Indictment of David LaMacchia
Detailed description of the charges being brought up against LaMacchia as a result of his file-sharing computer network at MIT, in the United States of America v. David Lamacchia case.
United States District Court, District of Massachusetts
United States of America v. David Lamacchia
Criminal No. 94-10092RGS
Violation: 18 U.S.C. Sect. 371 - Conspiracy
Count One: 18 U.S.C. S 371 - Conspiracy
The Grand Jury charges that:
- From on or about November 21, 1993, to on or about January 5, 1994, at Cambridge, in the District of Massachusetts, and elsewhere, David Lamacchia defendant herein, did knowingly and intentionally combine, conspire, confederate, and agree with other persons unknown to the Grand Jury, to commit offenses against the United States, that is, to devise and execute a scheme and artifice to defraud, and, for the purpose of. executing and attempting to execute such scheme, to transmit and cause to be transmitted in interstate commerce, by wire communication, writings, signs, signals, pictures, and sounds for the purpose of executing such scheme and artifice, in violation of Title 18, United States Code, section 1343.
Persons and Entities
- At all times material to this Indictment, the Massachusetts Institute of Technology (MIT) was an educational institution located on Memorial Drive, in Cambridge, Massachusetts.
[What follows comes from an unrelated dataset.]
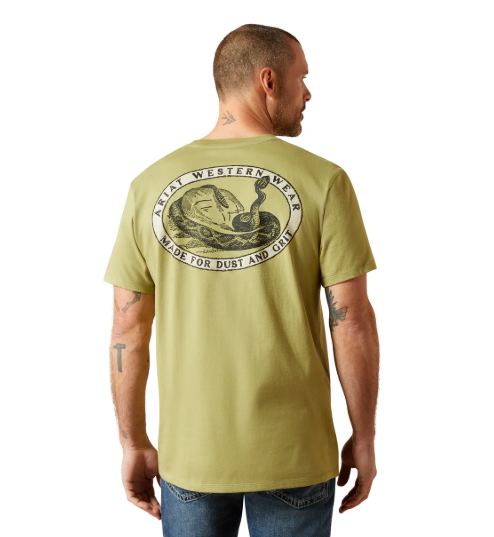 10065894 Ariat Men's Rattler Warnings Tee Tent Green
- At all times material to this Indictment, defendant David Lamacchia was a student enrolled in and resident at MIT.
- At all times material to this Indictment, MIT had a connection to the Internet, an international collection of electronic networks linking educational, military, and commercial computers around the world.
Conspriacy and Scheme to Defraud
- It was part of the scheme and conspiracy that defendant David Lamacchia, using the computer aliases "John Gaunt" and "Grimjack," set up, participated in setting up, and, from on or about November 21, 1993, to on or about December 21, 1993, and from on or about January 3, 1994 to on or about January 5, 1994, operated and participated in the operation of a computer bulletin board system named "Cynosure" to permit and facilitate, on an international scale, the illegal copying and distribution of copyrighted software, without payment of software licensing fees or the software purchase price to the manufacturers and vendors of the copyrighted software
- It was further part of the conspiracy and scheme to defraud that defendant David Lamacchia operated, and participated in the operation of, "Cynosure" on two computer work stations owned and operated by MIT, located at Cambridge in the District of Massachusetts. The two work stations were designated "Cynosure I" and "Cynosure II." In addition, a third MIT computer was utilized for back-up files and other purposes associated with running Cynosure.
- A computer bulletin board system ("BBS") consists essentially of a personal computer on which is installed a computer program which permits persons all over the world, using their own computers and telephone lines, to obtain access to the BBS computer. Persons thereby obtaining access to the computer BBS may post files and messages to the board ("upload"), and may read and copy files and messages ("download") to their own computer. The messages that may be uploaded or downloaded can consist of virtually any type of data or information, including other software programs. The Cynosure BBS was accessible worldwide via the Internet.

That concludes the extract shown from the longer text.